Earth Bed

Earth Bed

 

a structure that serves as the foundation for the superstructure of a railroad track or the pavement of a road. The earth bed absorbs the load from the rails and crossties (sleepers), ballast, and rolling stock on a railroad and from the pavement and motor-vehicle traffic on a highway by distributing it uniformly over the underlying natural ground. An earth bed is one of the main elements of a road; its condition determines the good working condition of rail-road track and road pavement.

Railroad earth beds consist of embankments and cuts, as well as borrow pits, spoil banks, drainage devices (side ditches, troughs, catch drains, banquette cuts, and drains), and reinforcing and protective structures. The width of the main roadbed adopted in the USSR for single-track lines (on straight sections of track) is 7 m for lines of the first and second categories, 5.8 m for lines of the third category, and 5.5-5.8 m for lines of the fourth category.
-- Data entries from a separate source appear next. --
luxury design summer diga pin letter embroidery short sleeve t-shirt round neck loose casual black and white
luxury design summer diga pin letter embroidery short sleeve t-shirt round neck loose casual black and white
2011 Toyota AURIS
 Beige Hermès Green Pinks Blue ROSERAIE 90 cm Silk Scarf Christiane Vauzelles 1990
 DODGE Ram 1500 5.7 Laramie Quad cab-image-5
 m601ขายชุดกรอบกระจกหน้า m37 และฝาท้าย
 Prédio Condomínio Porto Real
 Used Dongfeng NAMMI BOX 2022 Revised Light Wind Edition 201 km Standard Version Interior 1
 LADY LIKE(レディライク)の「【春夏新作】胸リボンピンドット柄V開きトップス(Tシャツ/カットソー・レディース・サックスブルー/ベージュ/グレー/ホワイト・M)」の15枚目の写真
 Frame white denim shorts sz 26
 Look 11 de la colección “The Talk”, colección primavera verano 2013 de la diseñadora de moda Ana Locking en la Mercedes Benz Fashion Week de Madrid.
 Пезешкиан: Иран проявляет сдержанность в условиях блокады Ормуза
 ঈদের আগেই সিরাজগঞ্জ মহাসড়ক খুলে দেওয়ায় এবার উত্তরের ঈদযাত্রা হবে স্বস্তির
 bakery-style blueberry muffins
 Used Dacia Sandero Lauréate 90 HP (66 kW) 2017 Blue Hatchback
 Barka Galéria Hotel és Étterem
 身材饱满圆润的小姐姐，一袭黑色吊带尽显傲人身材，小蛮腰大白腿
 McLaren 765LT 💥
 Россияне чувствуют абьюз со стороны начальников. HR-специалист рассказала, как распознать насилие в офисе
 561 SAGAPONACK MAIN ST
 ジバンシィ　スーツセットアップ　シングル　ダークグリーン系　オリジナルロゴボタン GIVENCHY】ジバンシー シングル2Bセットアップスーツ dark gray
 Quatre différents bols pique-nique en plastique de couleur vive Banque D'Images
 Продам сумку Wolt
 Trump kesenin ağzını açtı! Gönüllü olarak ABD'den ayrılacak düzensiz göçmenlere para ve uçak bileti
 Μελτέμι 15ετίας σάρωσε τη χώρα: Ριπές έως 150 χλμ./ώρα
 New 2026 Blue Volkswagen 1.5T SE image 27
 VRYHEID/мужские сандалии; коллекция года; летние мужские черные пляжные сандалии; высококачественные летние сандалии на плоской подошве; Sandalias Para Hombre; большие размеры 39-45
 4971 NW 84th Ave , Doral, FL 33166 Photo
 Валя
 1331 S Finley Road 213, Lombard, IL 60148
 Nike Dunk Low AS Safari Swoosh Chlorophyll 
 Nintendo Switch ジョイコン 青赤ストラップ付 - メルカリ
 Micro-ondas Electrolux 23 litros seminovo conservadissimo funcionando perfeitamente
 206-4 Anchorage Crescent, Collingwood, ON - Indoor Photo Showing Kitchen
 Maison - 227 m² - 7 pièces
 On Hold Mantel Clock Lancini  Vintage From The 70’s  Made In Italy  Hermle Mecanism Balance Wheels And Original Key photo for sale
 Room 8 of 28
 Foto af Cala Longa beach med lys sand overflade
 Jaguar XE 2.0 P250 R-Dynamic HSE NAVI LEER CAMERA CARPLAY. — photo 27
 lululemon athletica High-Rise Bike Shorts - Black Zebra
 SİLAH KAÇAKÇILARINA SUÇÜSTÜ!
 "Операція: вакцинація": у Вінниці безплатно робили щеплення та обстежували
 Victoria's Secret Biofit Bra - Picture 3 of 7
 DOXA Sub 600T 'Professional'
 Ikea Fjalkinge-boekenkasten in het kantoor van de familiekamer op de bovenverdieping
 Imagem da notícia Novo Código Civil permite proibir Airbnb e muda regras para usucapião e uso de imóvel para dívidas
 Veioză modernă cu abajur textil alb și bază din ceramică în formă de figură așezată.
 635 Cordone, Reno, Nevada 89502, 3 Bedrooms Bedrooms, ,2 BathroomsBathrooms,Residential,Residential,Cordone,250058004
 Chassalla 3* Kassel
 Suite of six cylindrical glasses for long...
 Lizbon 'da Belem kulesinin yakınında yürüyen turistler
The width is correspondingly reduced to 6 and 5.2 m in rocky, largefragment, and sandy soils (except fine and silty sands). If a second track is planned, the distance between its axis and the edge of the bed is set at 3.5 m. On curved sections the width of the bed is increased by 0.1-0.5 m on the outer side, depending on the radius of the curve.

A highway roadbed is composed of the roadway, two shoulders, and a dividing strip or railings. The width of the roadbed is 27.5 m or more for roads of the first category, 15 m for roads of the second category, 12 m for roads of the third category, 10 m for roads of the fourth category, and 8 m for roads of the fifth category. The steepness of the embankment and excavation (cut) slopes depends on the soil characteristics; the geological, hydrographic, and climatic conditions of the locality; construction methods; embankment height; and excavation depth. Methods used to reinforce the banks of earthen roadbeds include the planting of perennial grasses, the laying of sod or flagstones, the planting of bushes, the use of fascine, and covering with built-up, cast, or reinforced concrete.

Earth beds are usually constructed by special mechanized groups or teams, which have such excavating and earthmoving machines as excavators, dump trucks, pull-type and motor scrapers, grader elevators, motor graders, screw-type planers, and machines for packing the soil of embankments and for finishing work.

REFERENCES

Chernyshev, M. A. Vstroistvo, soderzhanie i remont puti, 2nd ed. Moscow, 1963.
StroiteVnye normy i pravila, part 2, sec. D, chapter 6: “Avtomobil’nye dorogi promyshlennykh predpriiatii.” Moscow, 1964.